During the quarter and six months ended June 30, 2012, we had no other material transactions affecting our liquidity and capital resources other than those described above.

Off-Balance Sheet Arrangements

We have no off-balance sheet arrangements.

Contractual Obligations

Production Sharing Contract with the Ministry of Economy, Trade and Energy of Albania:

On June 24, 2010, Sky Petroleum executed a PSC, covering three exploration blocks, Four, Five, and Dumre in the Republic of Albania totaling approximately 1.2 million acres representing approximately 20% of the landmass of Albania. Under the terms of the PSC, Sky Petroleum has agreed to undertake exploration work on the blocks during the following three exploration periods over the next seven years commencing on the effective date of the PSC (January 3, 2011).

Under the terms of the PSC, Sky Petroleum was obligated to, among other things, (a) establish an office in Albania (established), (b) pay a signing bonus of $50,000 (paid); (c) prepare an exploration work program and budget (completed), (c) designate three members to a nine member Exploration Advisory Committee, (completed), (d) provide AKBN with a bank guarantee for $1,500,000 to guarantee expenditures during the first exploration period within 90 days of the Effective Date (the “AKBN Bank Guarantee”) (guarantee has been provided) and (e) commence performance of a minimum work program (commenced).

First Exploration Period: The first exploration period is an initial period of two years in which Sky Petroleum has agreed to undertake geological and geophysical (“G&G”) preparations, including but not limited to acquisition of technical data, interpretation of geological, geophysical and well data, and conducting regional geological and structural studies (mapping, balanced cross sections); seismic reprocessing and seismic acquisition, with minimum expenditure commitments totaling $1,500,000.

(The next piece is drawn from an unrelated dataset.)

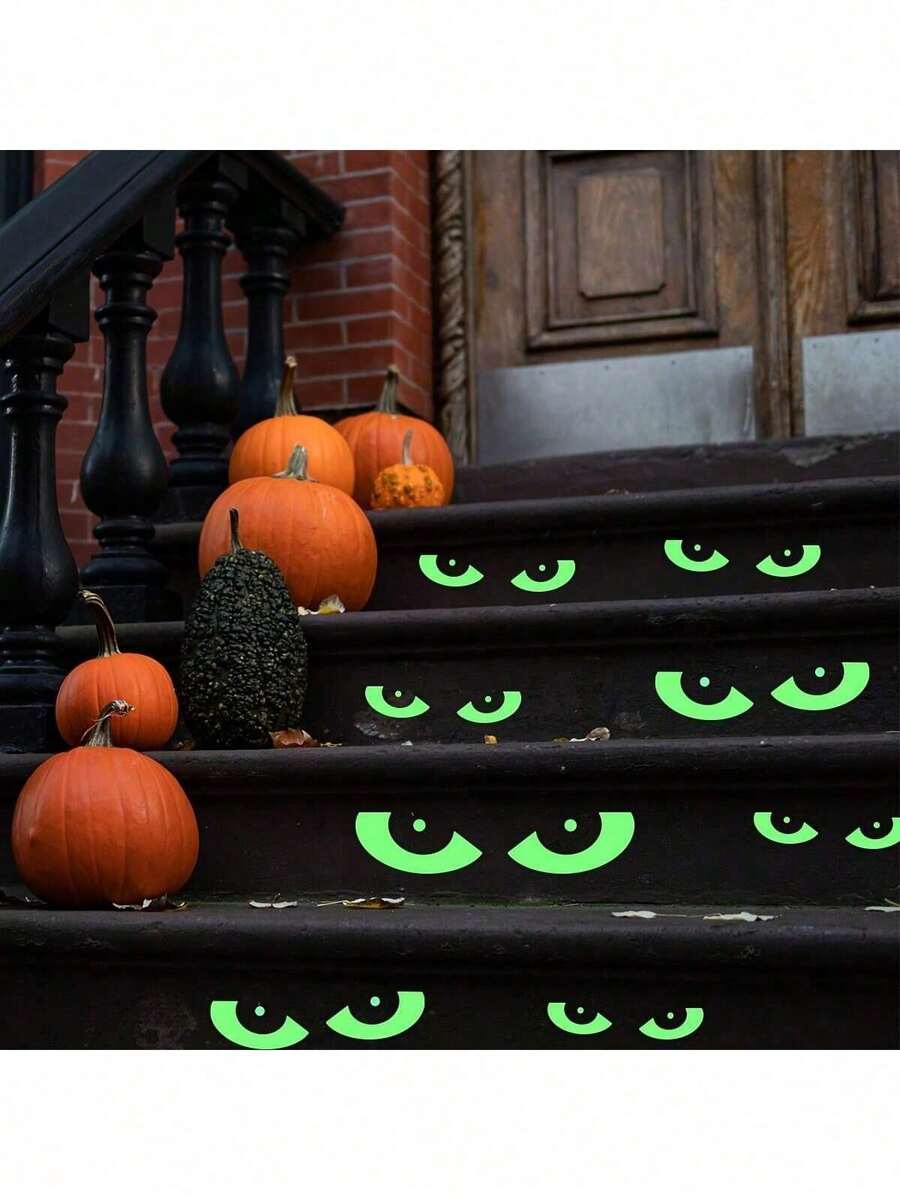 8 Pairs Halloween Glowing Eyeball Decorations, Upgraded Glowing Indoor/Outdoor Halloween Decor Eyeballs - Multicolor - View 1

Second Exploration Period: Provided that Sky Petroleum has completed the minimum first exploration period work program or paid AKBN the minimum expenditure amount, Sky Petroleum may elect to extend the exploration period into a second exploration period of three years. During the second exploration period, Sky Petroleum will undertake G&G; seismic acquisition and an exploration drilling program with minimum expenditure commitments totaling $2,650,000.

Third Exploration Period: Provided that Sky Petroleum has completed the minimum second exploration period work program or paid AKBN the minimum expenditure amount, if, as approved by the AKBN, there are special circumstances which require more time for the contractor to perform adequate exploration activity, Sky Petroleum may elect to extend the exploration period into a third exploration period of two years. During the third exploration period, Sky Petroleum will undertake G&G; seismic acquisition and an exploration drilling program with minimum expenditure commitments totaling $3,150,000.

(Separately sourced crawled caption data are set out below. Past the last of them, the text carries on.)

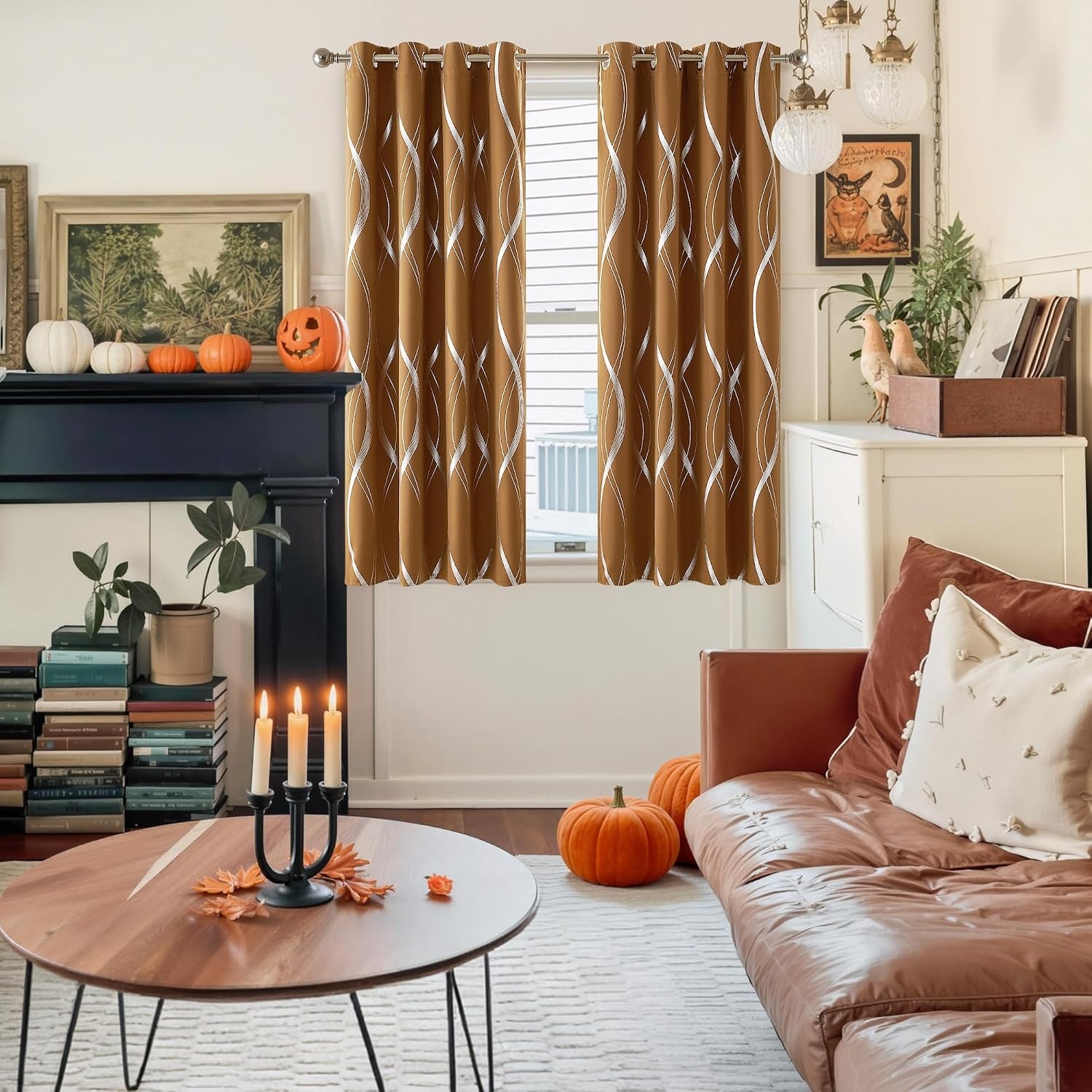 image:imageNICETOWN Grey Blackout Striped Pattern Curtains for Living Room 52 x 841 Gold Brown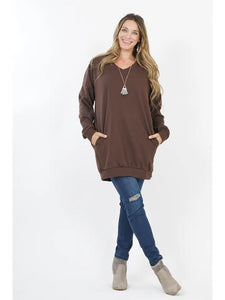 Plus Oversized Loose Fit V Neck Fleece Tunic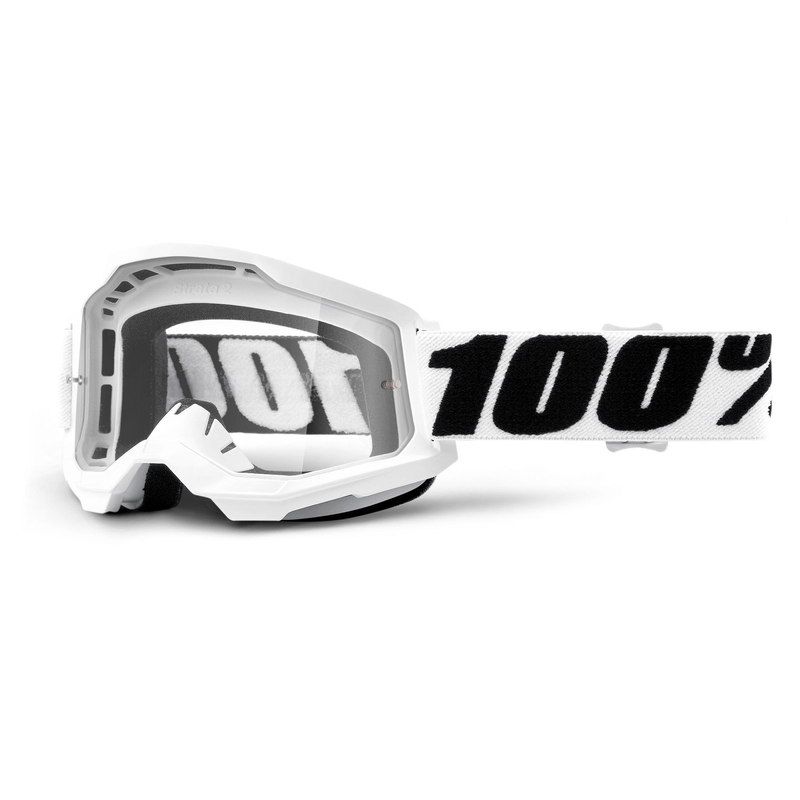 Motocross szemüveg 100% STRATA 2 Everest fehér (átlátszó szemellenző)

At the end of the First Exploration Period or the Second Exploration Period, Sky Petroleum has the right, subject to AKBN approval, to extend such period by one year. In such a case, the duration of the Second Exploration Period or the Third Exploration Period shall be reduced to one year. Sky Petroleum may terminate the PSC at the end of any exploration period.

If during the exploration periods, Sky Petroleum discovers petroleum accumulations capable of commercial production within the Concession Area (a “Discovery Area”); it can submit to AKBN a development plan and commence development of the Discovery Area. Sky Petroleum will have production rights of 25 years for each field (a “Production Area”) from the date of initial commercial production, which maybe extended, at Sky Petroleum's option, for successive periods of five years on the same conditions, subject to approval by AKBN, which approval shall not be unreasonably withheld or delayed. Sky Petroleum and AKBN will share profits from any commercial production of oil (after cost recovery by Sky Petroleum) based on a sliding scale formula, in which Sky Petroleum's share of profits will range from 96% to 100%. All available production is subject to a 10% royalty tax and Sky Petroleum's profits are subject to a 50% Albania tax on petroleum profits.

Sky Petroleum will relinquish to AKBN 25% of the Concession Area, as designated by Sky Petroleum, within 180 days after the end of each of the First Exploration Period and the Second Exploration Period and all remaining acreage of the Concession Area at the end of the Third Exploration Period, that is not then subject to a Discovery or in a Production Area. Sky Petroleum will not be required to relinquish areas included in a Discovery Area or in Production Area.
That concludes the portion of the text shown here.